Thursday, March 2, 2017
CDC Shows Brain Destruction Caused by Fungus
By Walter F. Roche Jr.
BOSTON Mass. -A physician from the U.S. Centers for Disease Control and Prevention vividly described today the extensive damage to the brains and spinal columns of some of the victims of the 2012 fungal meningitis outbreak.
Testifying here in U.S. District Court, Dr. Sherif Zaki showed four slides for each of 17 victims describing how the fungus climbed the spinal columns of the victims and then attacked the brains invading tissue and blood vessels literally in some cases killing brain cells.
Zaki, head of CDC's infectious disease branch, was a prosecution witness in the second degree murder trial of Barry J. Cadden. Prosecutors have charged that drugs produced by the company Cadden headed were laden with the deadly fungus. The outbreak sickened 778 patients, killing 76 of them.

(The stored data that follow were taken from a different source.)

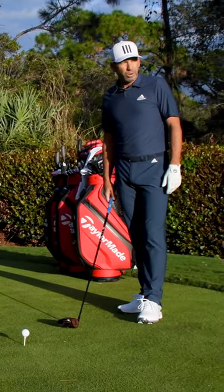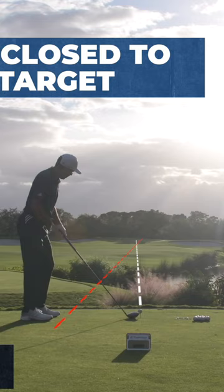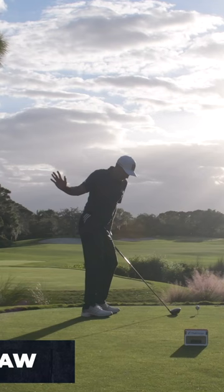When it comes down to a draw, it's very important to get set up the right way. Make sure that you're not open — if anything, a little bit closed, a little bit aiming right, a little bit right at the target with the setup. And then what you're going to try to do is swing from inside out and just release the hands.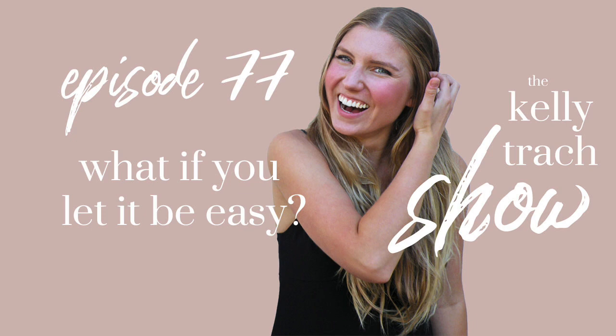Let's talk about this question: what if you let your life be easy? What if you let it be simple? What if you allowed it to flow?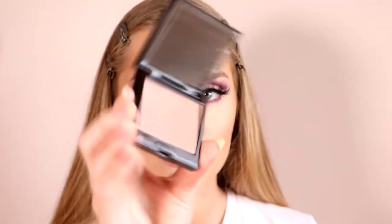I'm taking the shade Fresco, which is a blush from Laura Mercier, and applying it on my cheekbones. Then I'm taking the highlighter from Laura Mercier, which is their Matte Radiance, and applying that all over where I want to highlight my face.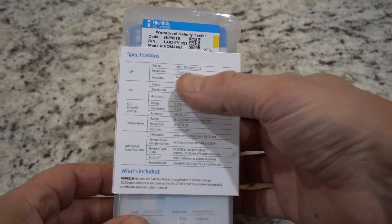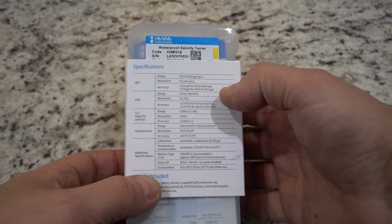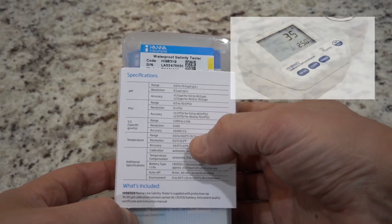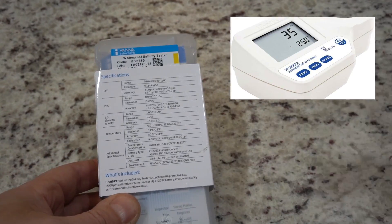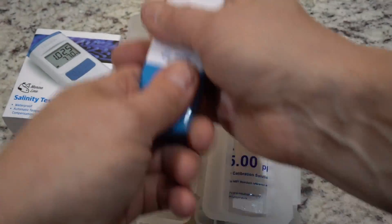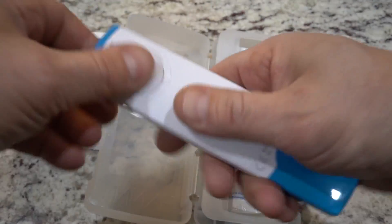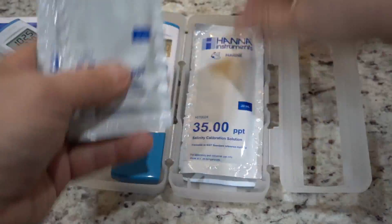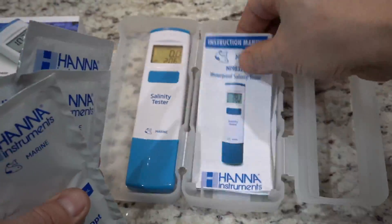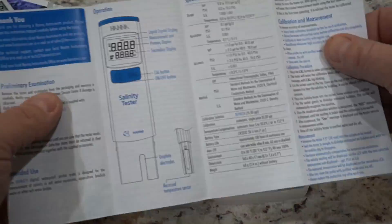The specifications are right in line with what else is in the market. Hanna of course makes the larger salinity refractometer — that meter is very expensive, $180. This one is very small, fits in the palm of your hand, and looks like it's completely waterproof. The little display runs off those little coin batteries. It comes with calibration fluid, which is cool, and a nice case for you to store it when you're done with it. I always like that.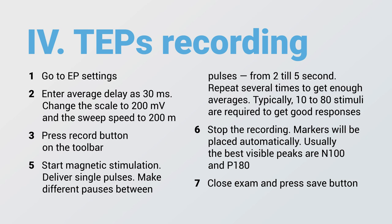So, I've demonstrated the TMS-EEG technique. I hope it was useful for you. Thank you for your attention.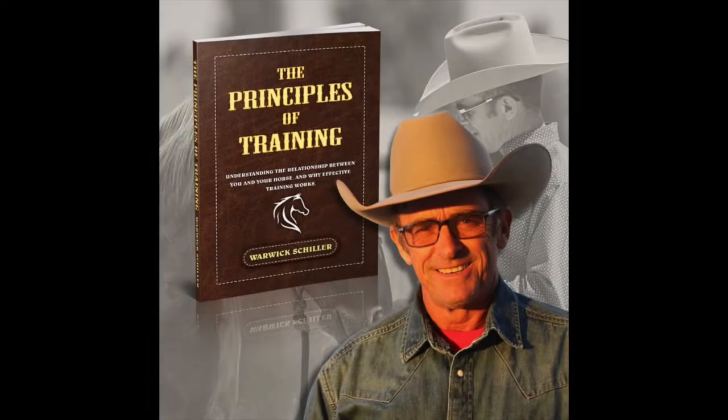G'day, I'm Warwick Schiller. I'm excited to announce that I've just released my new book, The Principles of Training. The principles of training are the principles that all good horsemen and horsewomen use to be effective in training horses. If you can understand the principle behind a technique, it helps you to be able to invent techniques of your own.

Zaki and Mary Brandt Ph.D also told the fifteen jurors that as the agency rushed to find out what was killing more patients by the day, they came up with new tests that enabled them to double the percentage of cases being diagnosed with fungal meningitis and to do so much more quickly.
"We really had to know what fungus we had," Brandt said.
She said the effort was further complicated by the fact that some of the victims had been treated with antifungal medications in the weeks before their deaths. The drugs would kill the very DNA they were searching for.
She said a new test, known as Real Time PCR uses fluorescent light and a laser to hunt for the fungus and its DNA. She said once the DNA was found, it was processed and duplicated so the sequence could be determined.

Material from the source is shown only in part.